When the occasional overseas Chinese person wins the prize, it somehow accentuates the pain, as it appears to show the Chinese as a race are capable of the highest achievements in science, but we are somehow handicapped by something else, say, our system.

This obsession with the world's best-known awards reflects both our aspirations about being part of the world club and a deep-rooted insecurity about self-worth. We want to be recognized and what could be better than a world-renowned prize?

Take the Oscars, for example. Winners of Chinese ethnicity are so thoroughly embraced in China they are almost guaranteed top salaries and lifetime employment. On the other hand, some Chinese filmmakers, like Feng Xiaogang, who have not been similarly anointed justify their exclusion by dismissing the Oscars as the United States' "domestic affair".

But this line of reasoning does not apply to the Nobel Prize. After all, the winners are rarely Swedish.

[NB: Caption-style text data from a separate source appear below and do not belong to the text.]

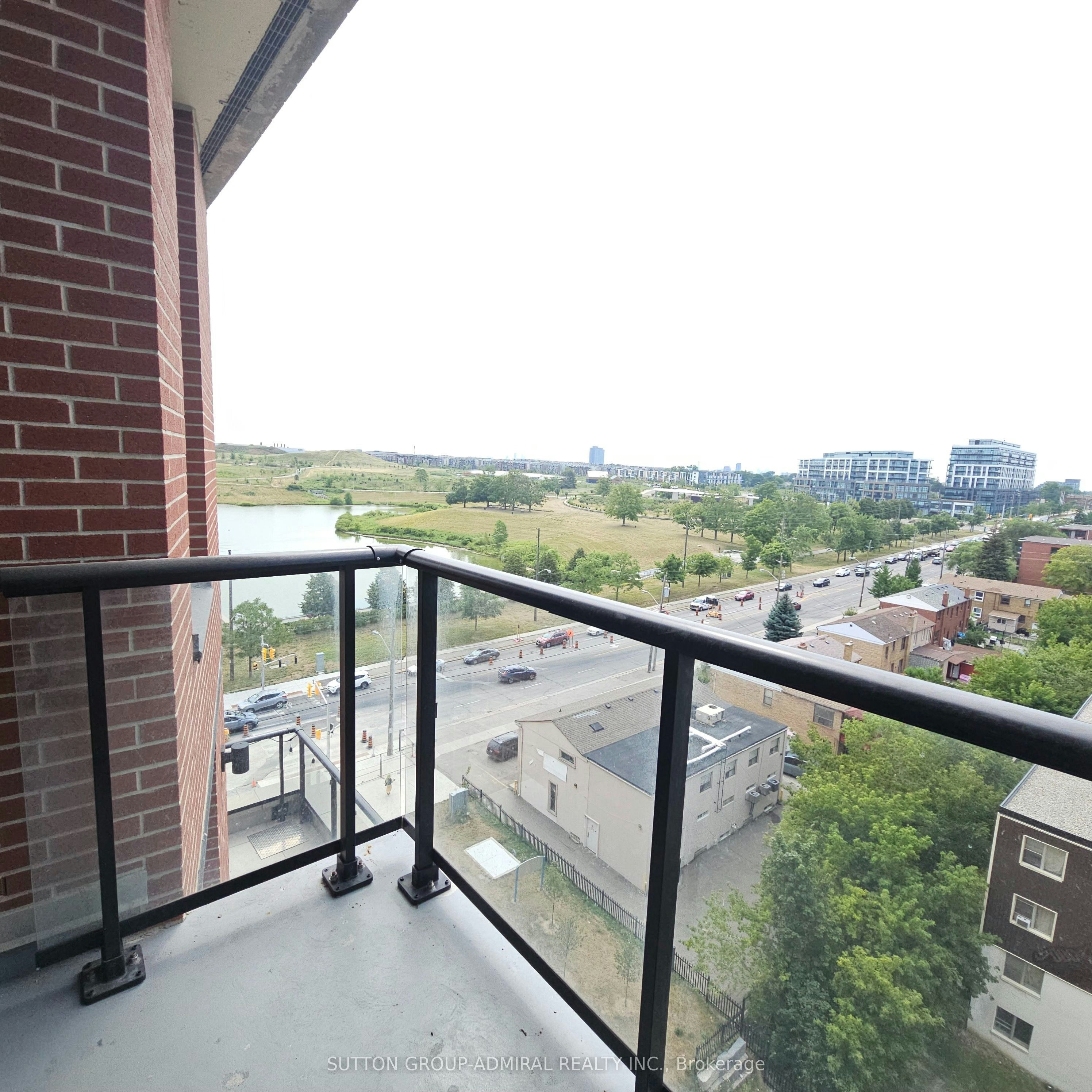816-3100 Keele Street, Toronto, ON, M3M 0E1 - 8
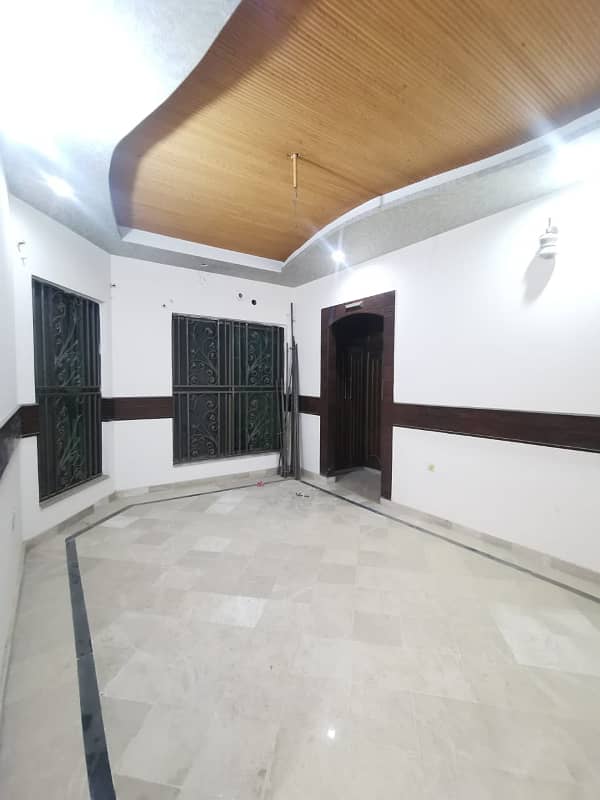 TNT Colony Satiana Road Faisalabad 20 Marla Double Storey House For Rent 3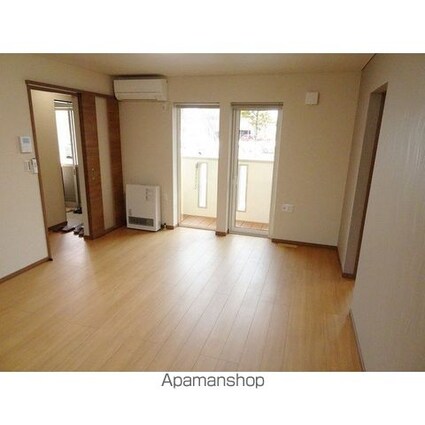 ステラ山下[2LDK/62.04m2]のリビング・居間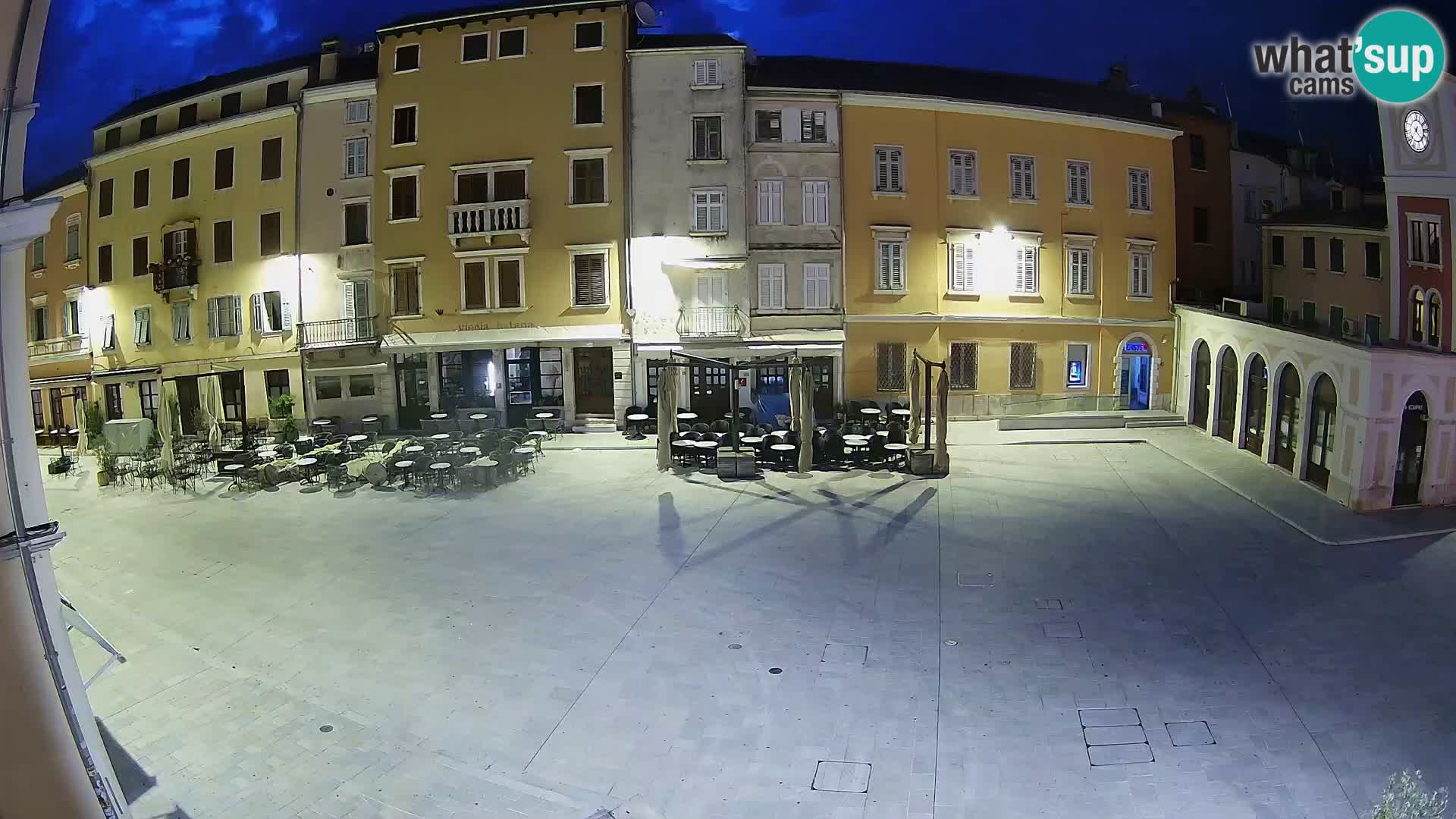 Spletna kamera Rovinj Center – Glavni trg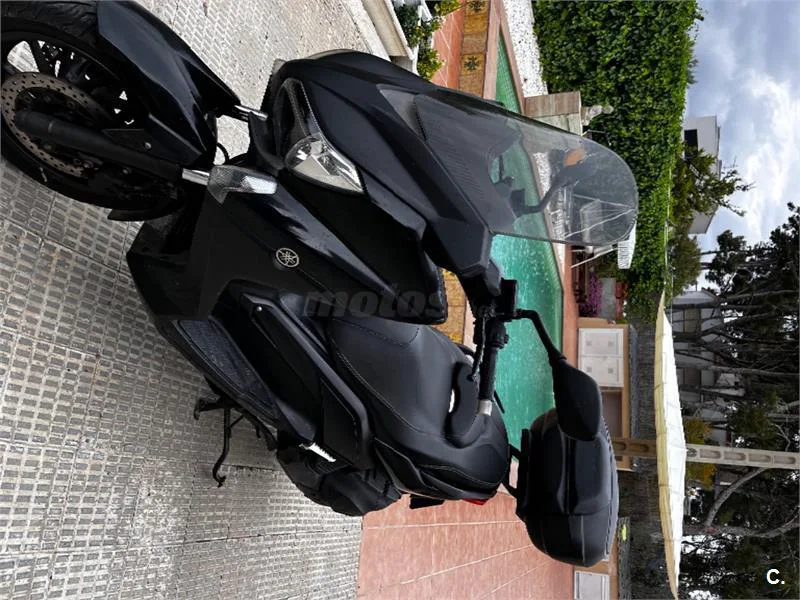 Yamaha XMAX 400 – Vista 4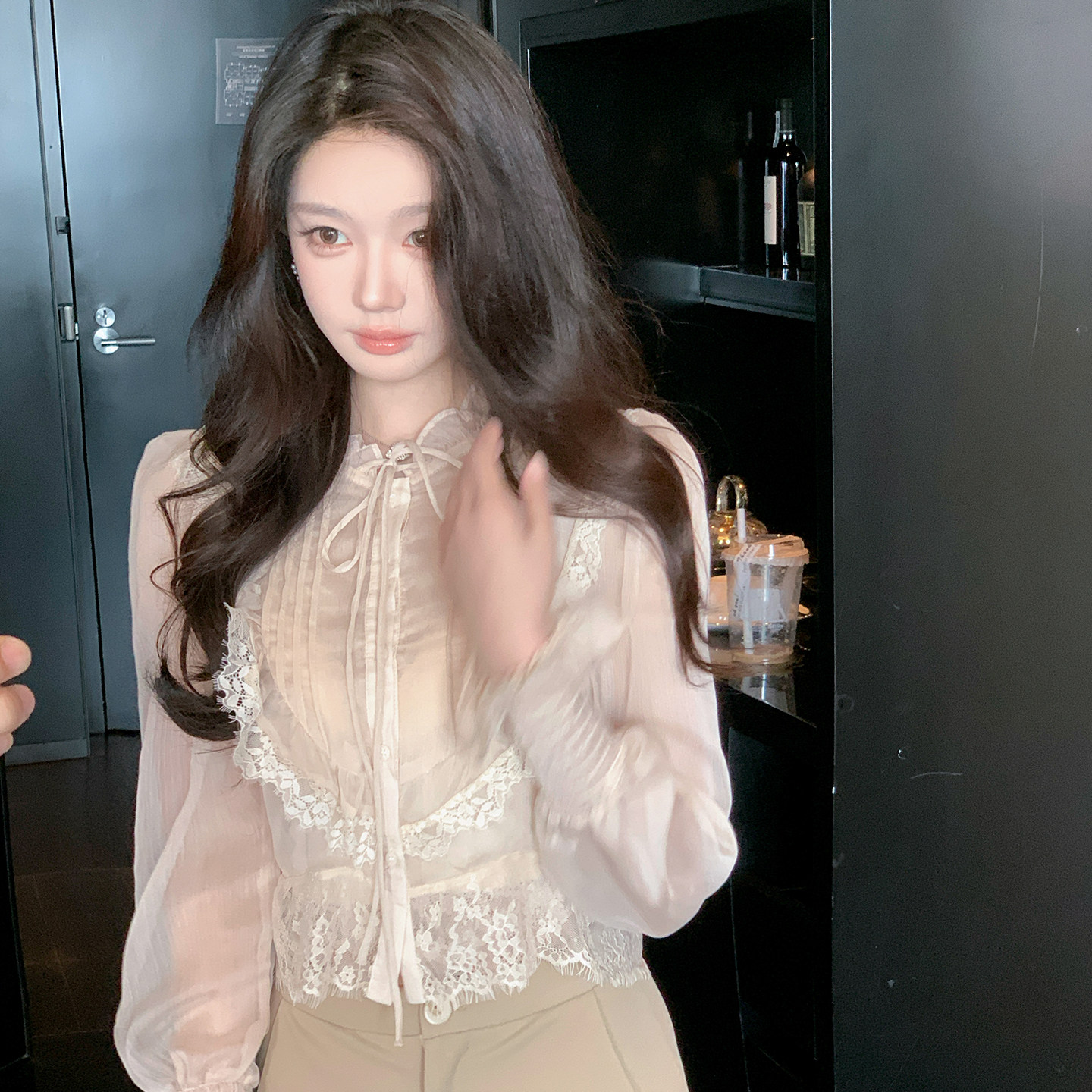 ByYou 秋季新款木耳边长袖蕾丝拼接雪纺衬衫套装女内搭背心两件套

What gives the prize special cachet for many Chinese is not the cash prize, nor the prestige within the science community. As strange as it may sound, the gravitas of the Nobel Prize is hammered home by the State-run media that constantly cites the handful of overseas Chinese winners. The names Tsung-dao Lee, Samuel C.C. Ting and Chen Ning Yang are lauded in hundreds of millions of Chinese homes.